» **Entries taken from a collection**
/---

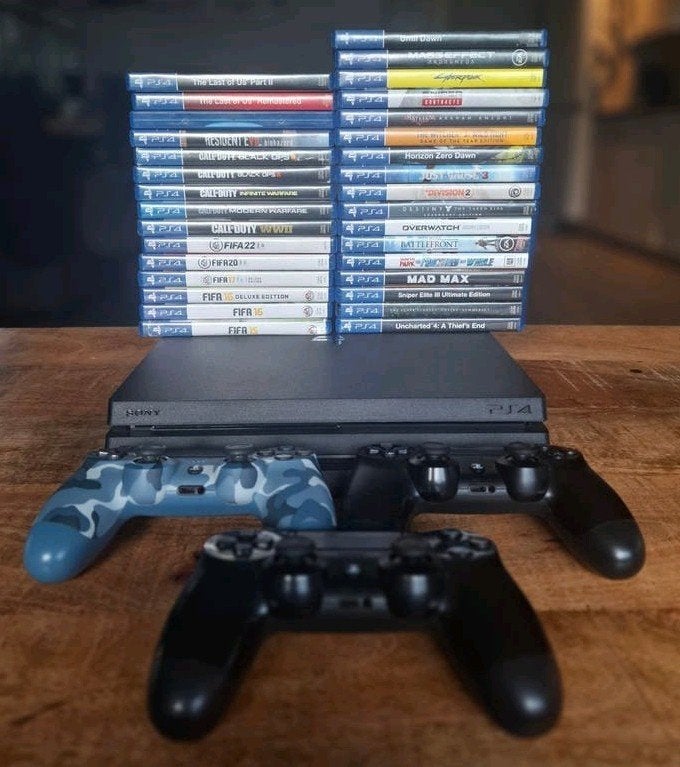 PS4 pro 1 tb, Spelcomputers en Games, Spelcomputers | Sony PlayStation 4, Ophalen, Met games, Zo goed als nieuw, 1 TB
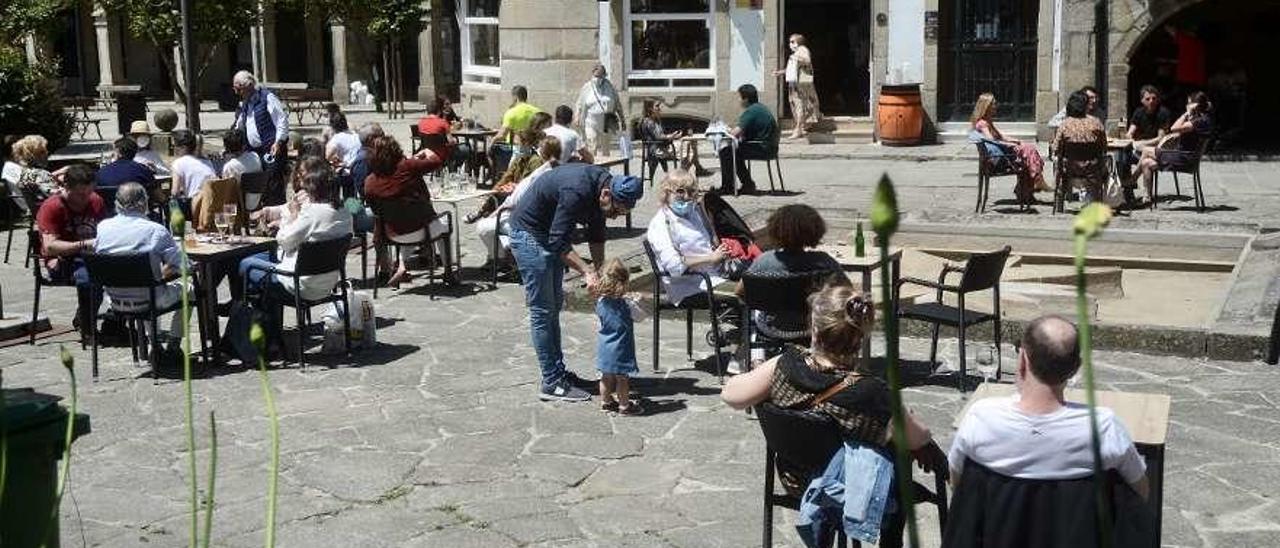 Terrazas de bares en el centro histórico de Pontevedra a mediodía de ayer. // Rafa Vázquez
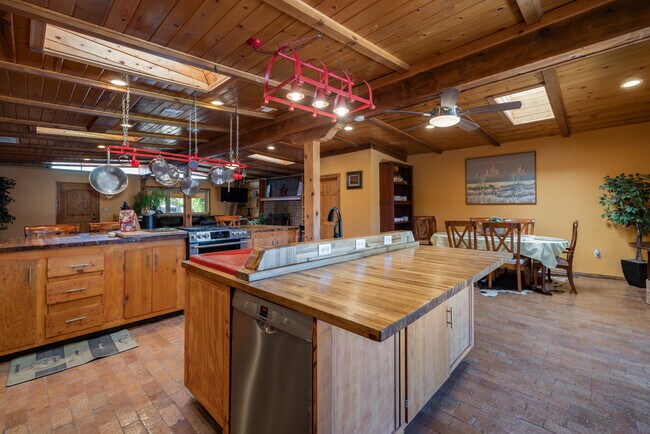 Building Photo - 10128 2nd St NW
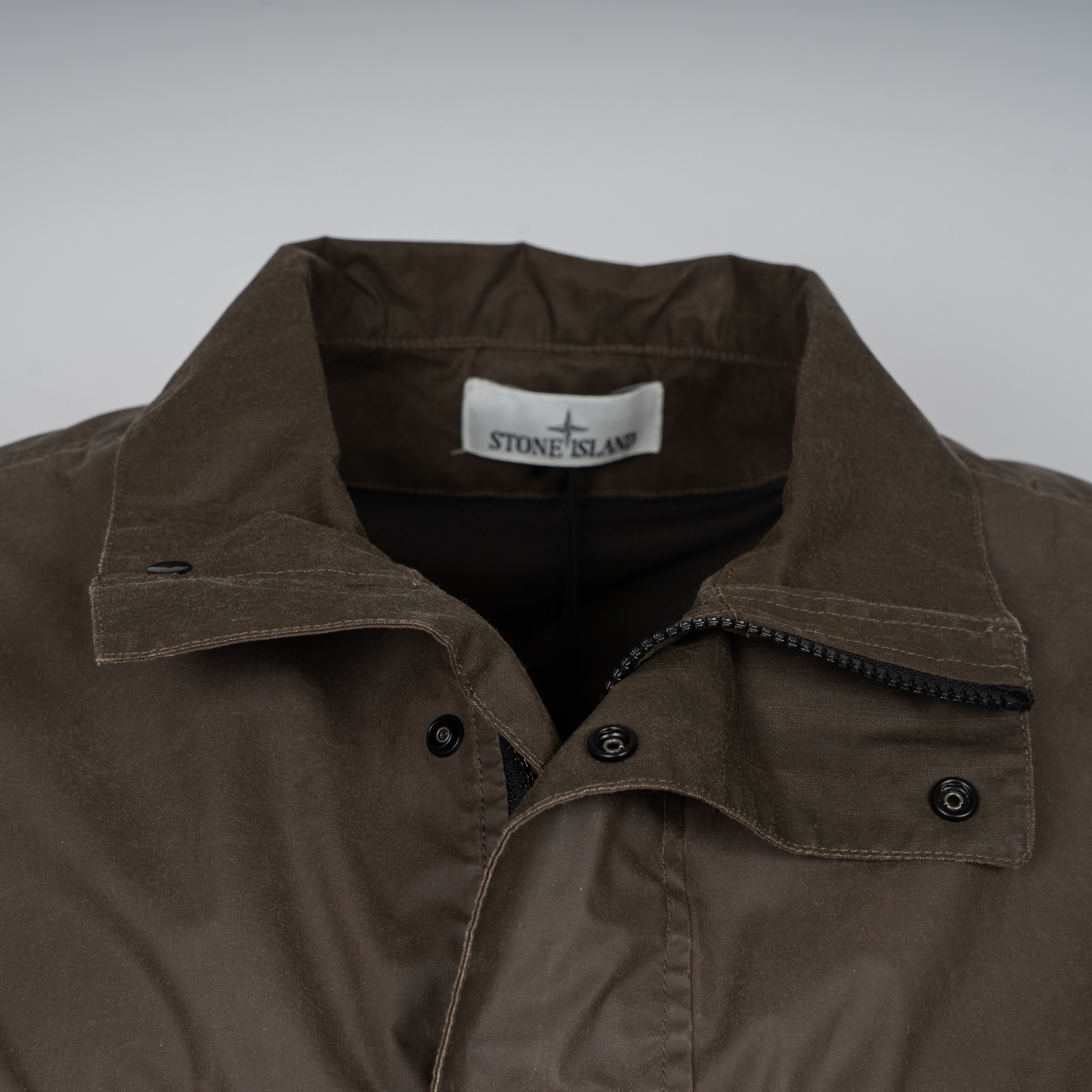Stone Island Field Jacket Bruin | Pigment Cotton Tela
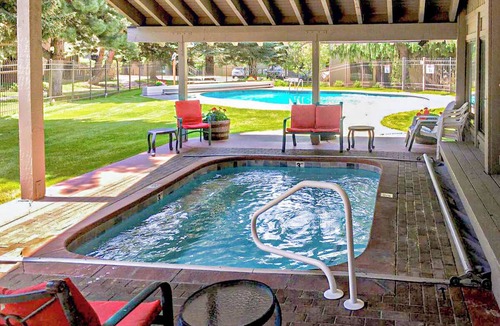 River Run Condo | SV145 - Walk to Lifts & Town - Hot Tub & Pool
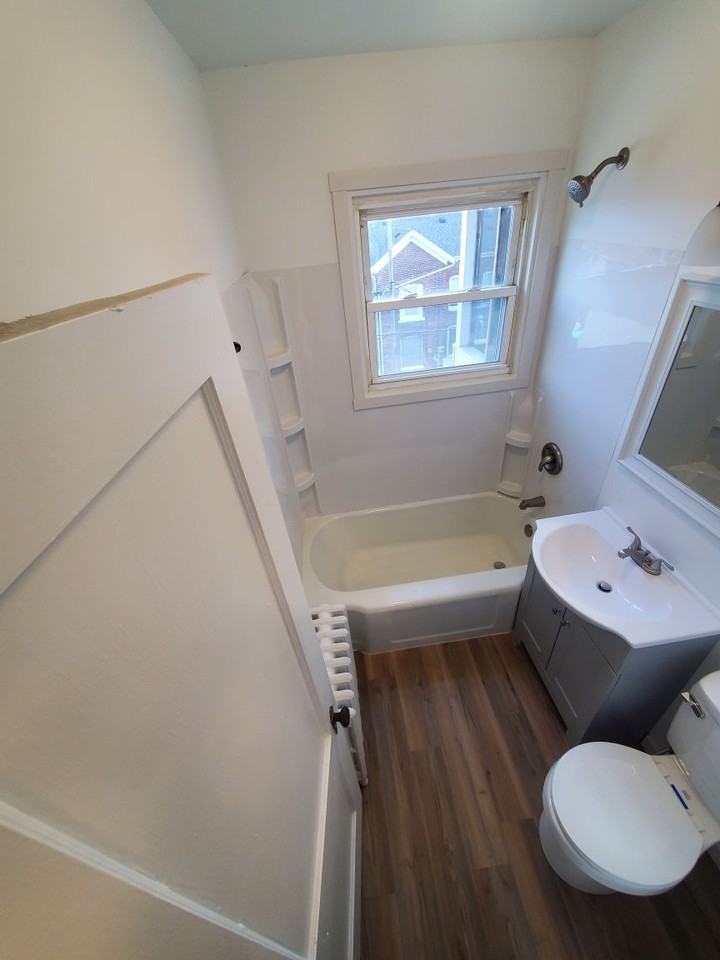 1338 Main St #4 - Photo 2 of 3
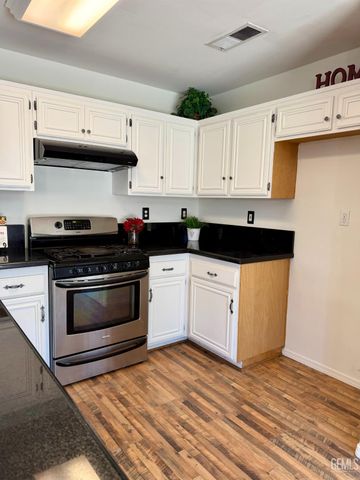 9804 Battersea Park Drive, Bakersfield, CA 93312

\---

» **YOUR GOAL**
Give back exactly the lines from the line with "Stone Island Field" through the end of the records, both included; keep all pictures out.

» **SOLVED PROBLEM**
Stone Island Field Jacket Bruin | Pigment Cotton Tela
 River Run Condo | SV145 - Walk to Lifts & Town - Hot Tub & Pool
 1338 Main St #4 - Photo 2 of 3
 9804 Battersea Park Drive, Bakersfield, CA 93312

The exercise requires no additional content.